▶ Dataset extract
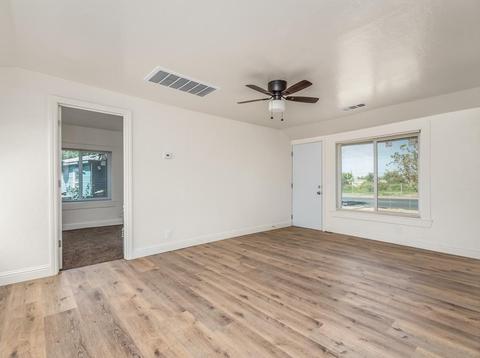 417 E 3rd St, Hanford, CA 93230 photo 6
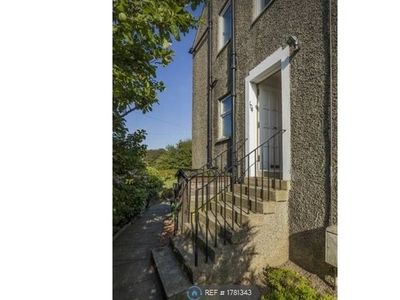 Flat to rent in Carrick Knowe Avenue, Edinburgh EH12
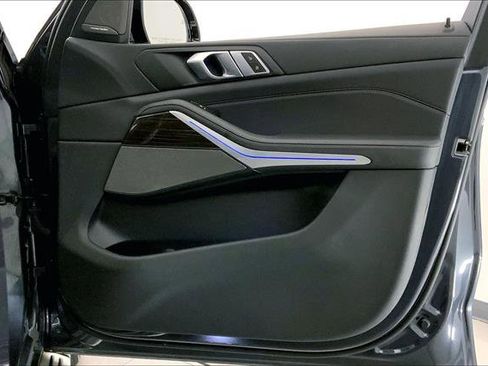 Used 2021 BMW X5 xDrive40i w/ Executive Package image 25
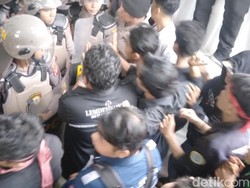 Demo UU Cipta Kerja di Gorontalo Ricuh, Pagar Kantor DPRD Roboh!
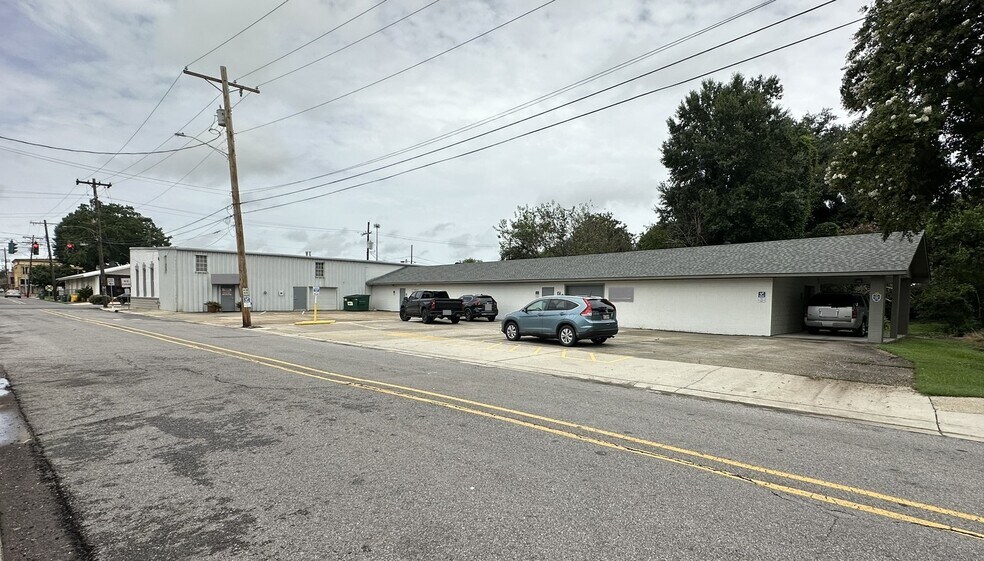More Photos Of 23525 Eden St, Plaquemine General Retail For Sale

* * *

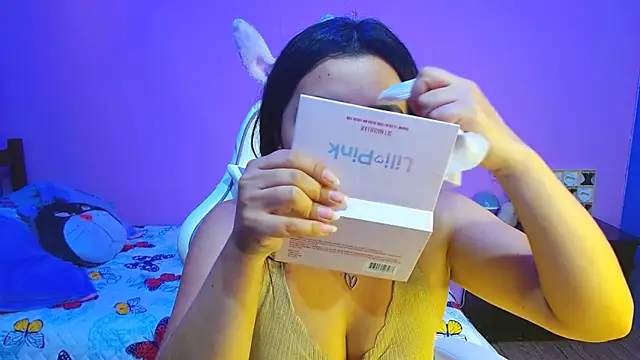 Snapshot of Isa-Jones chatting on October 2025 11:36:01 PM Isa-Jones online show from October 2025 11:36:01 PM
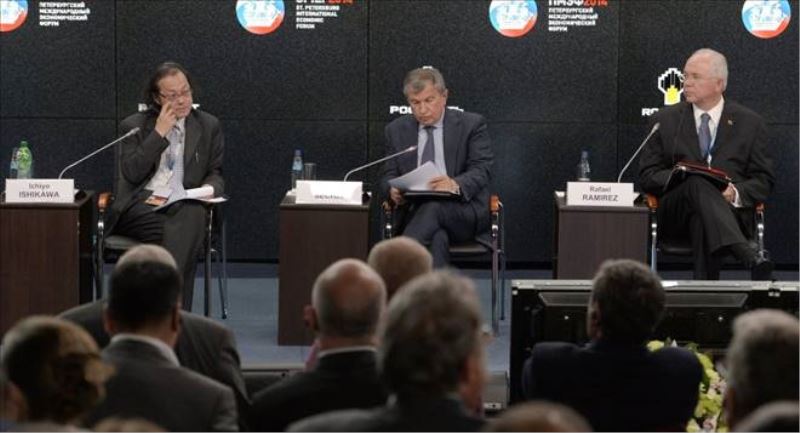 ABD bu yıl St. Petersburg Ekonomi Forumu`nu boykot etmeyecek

▶ Work required
Write out again exactly the lines above from the one with "Flat to rent" through the one with "More Photos Of", adding no other lines and no pictures.

▶ Answer to the problem
 Flat to rent in Carrick Knowe Avenue, Edinburgh EH12
 Used 2021 BMW X5 xDrive40i w/ Executive Package image 25
 Demo UU Cipta Kerja di Gorontalo Ricuh, Pagar Kantor DPRD Roboh!
More Photos Of 23525 Eden St, Plaquemine General Retail For Sale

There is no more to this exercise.